§ **DATASET EXTRACT**
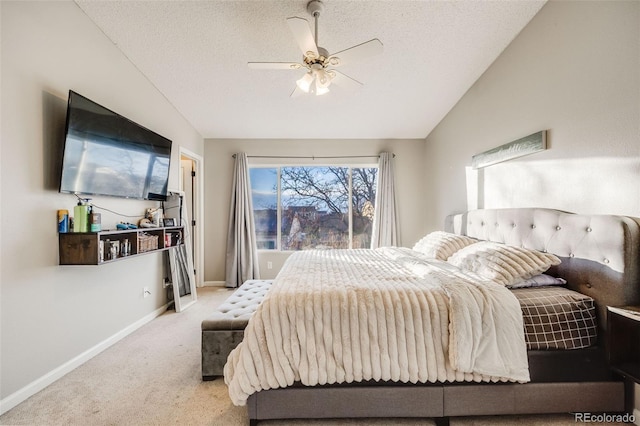 carpeted bedroom with ceiling fan, lofted ceiling, and a textured ceiling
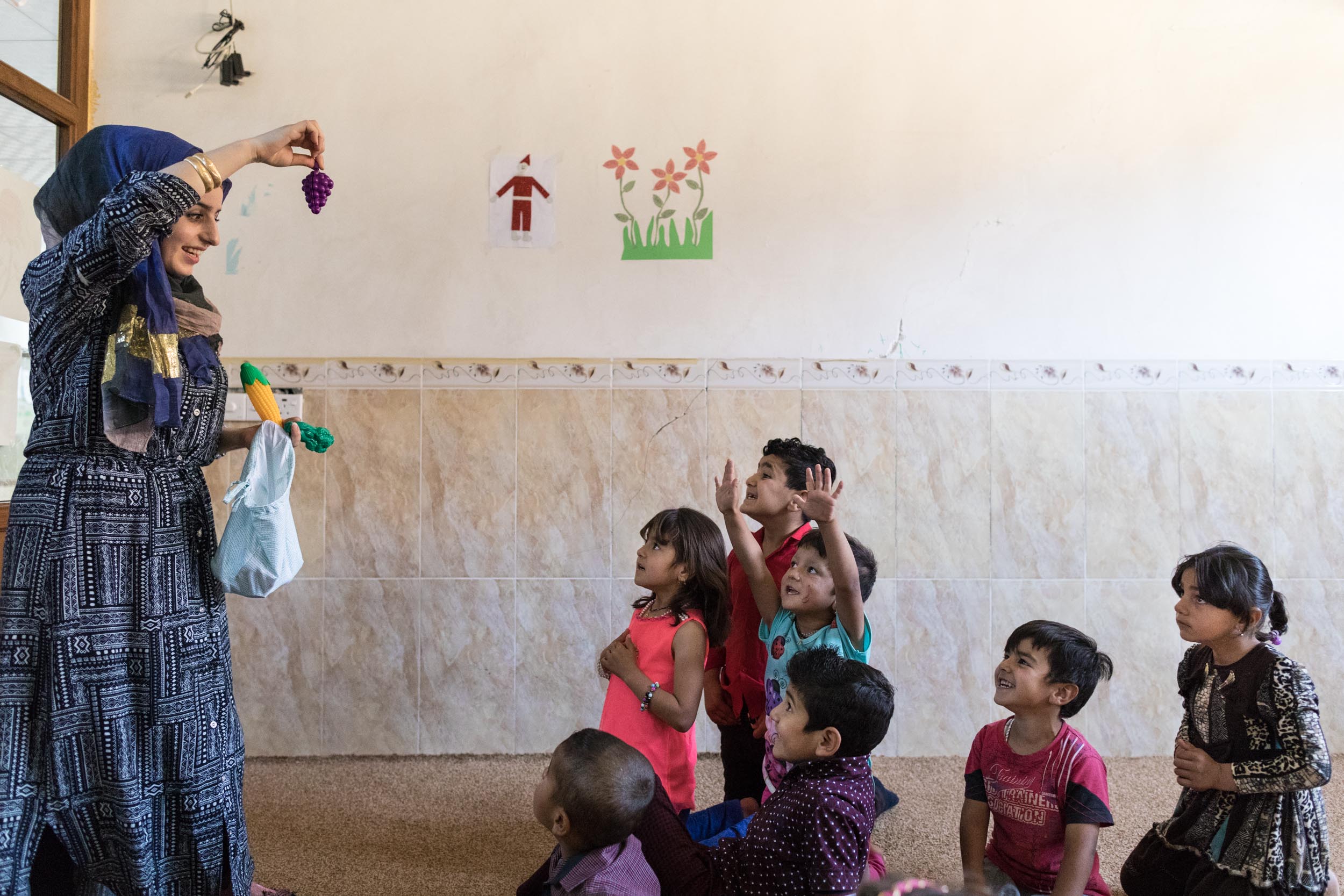  Teacher at the local school for the displaced holds plastic grapes as the children name the fruit or vegetable (2016). 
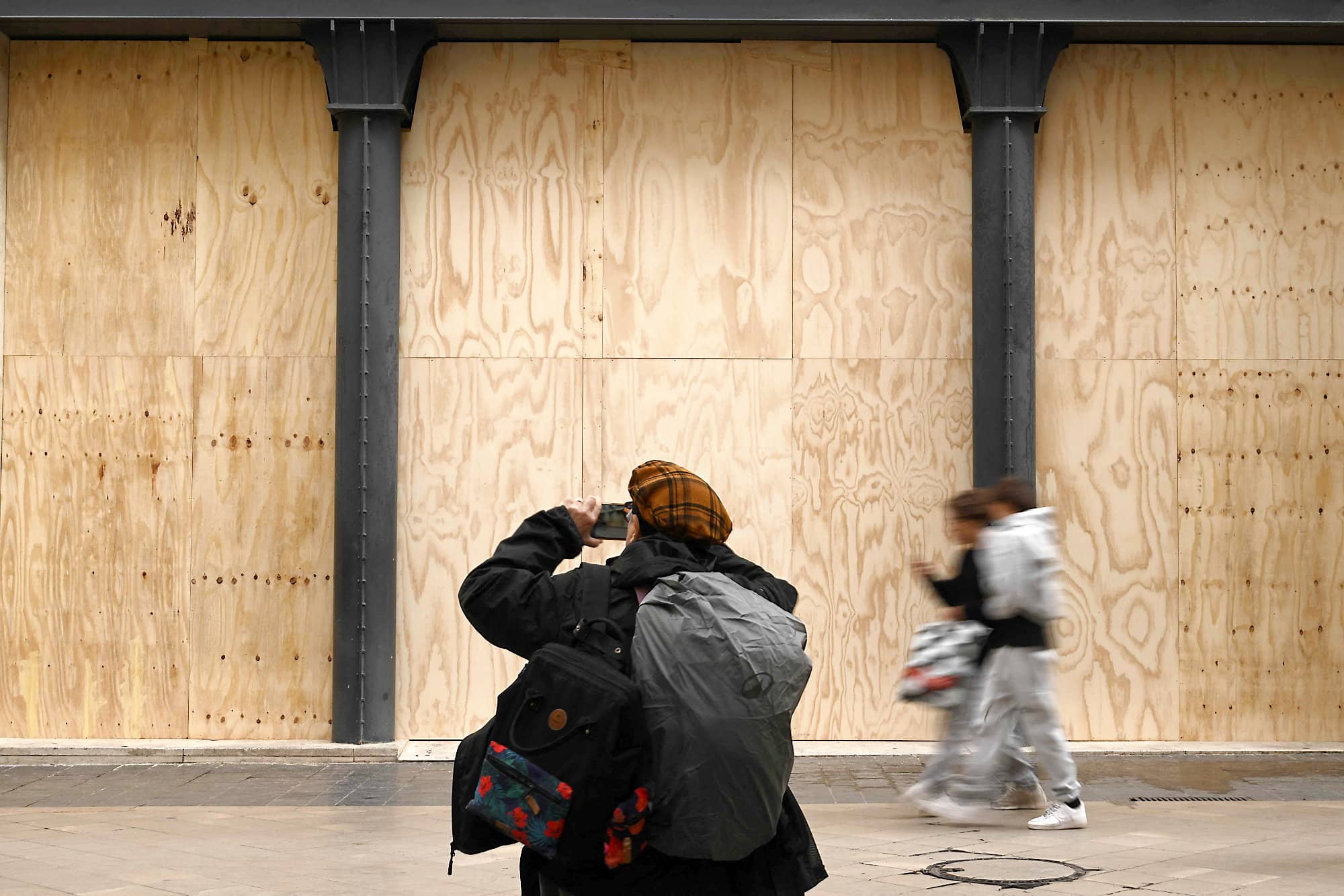 Un passant prenait une photo des vitres placardées d'un commerce, vendredi, en prévision des manifestations de samedi, à Bordeaux.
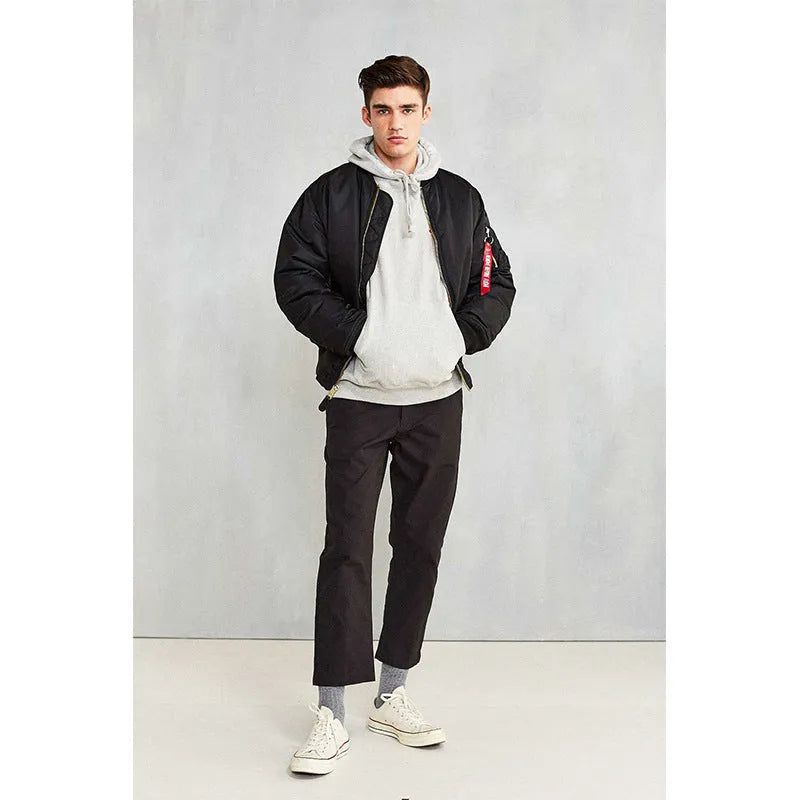 Men's loose fit cotton-padded nylon pilot jacket in army green on a hanger.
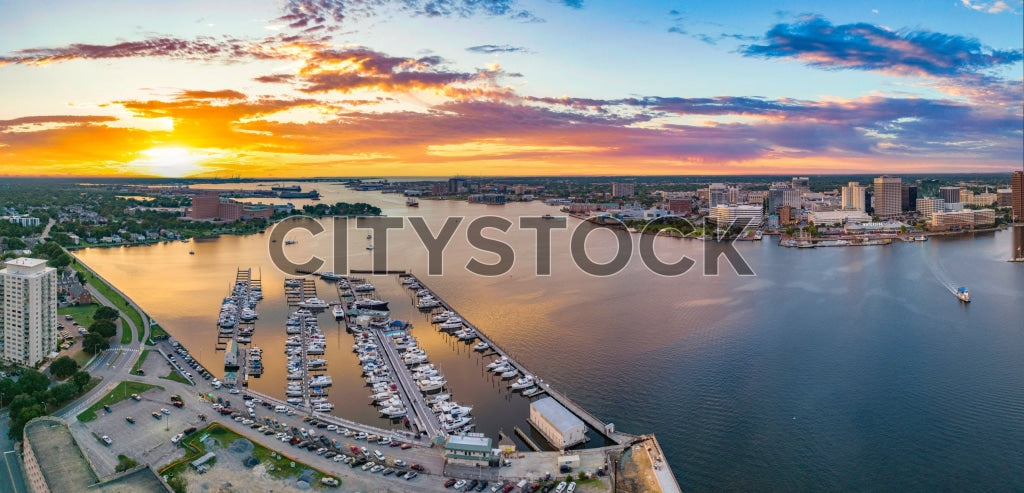 Aerial view of Norfolk harbor at sunset with boats and cityscape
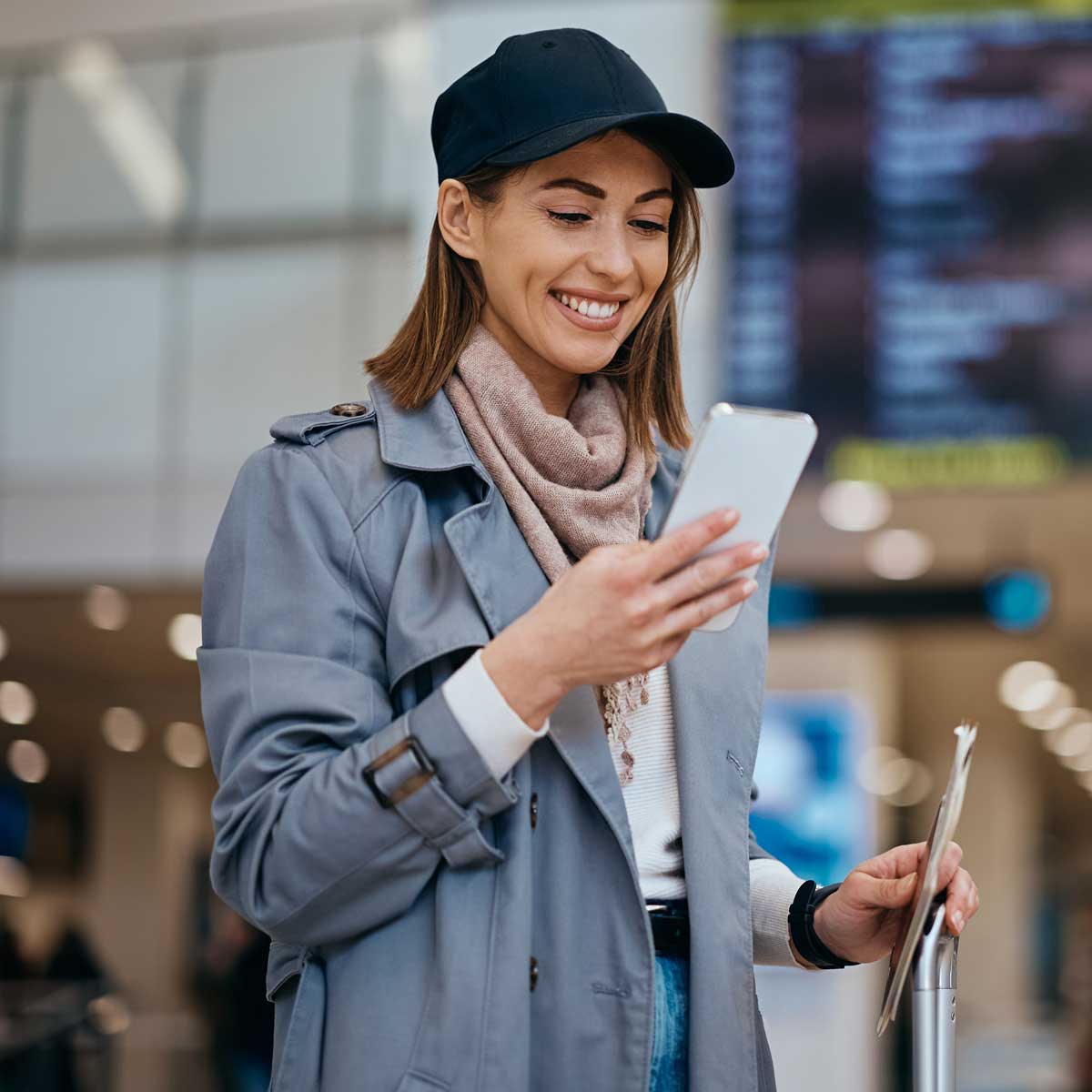 Woman at airport checking travel information on smartphone while holding boarding documents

§ **EXERCISE DIRECTIONS**
Leave the pictures out and reproduce all of the records exactly.

§ **TASK SOLUTION**
 carpeted bedroom with ceiling fan, lofted ceiling, and a textured ceiling
  Teacher at the local school for the displaced holds plastic grapes as the children name the fruit or vegetable (2016). 
 Un passant prenait une photo des vitres placardées d'un commerce, vendredi, en prévision des manifestations de samedi, à Bordeaux.
 Men's loose fit cotton-padded nylon pilot jacket in army green on a hanger.
 Aerial view of Norfolk harbor at sunset with boats and cityscape
 Woman at airport checking travel information on smartphone while holding boarding documents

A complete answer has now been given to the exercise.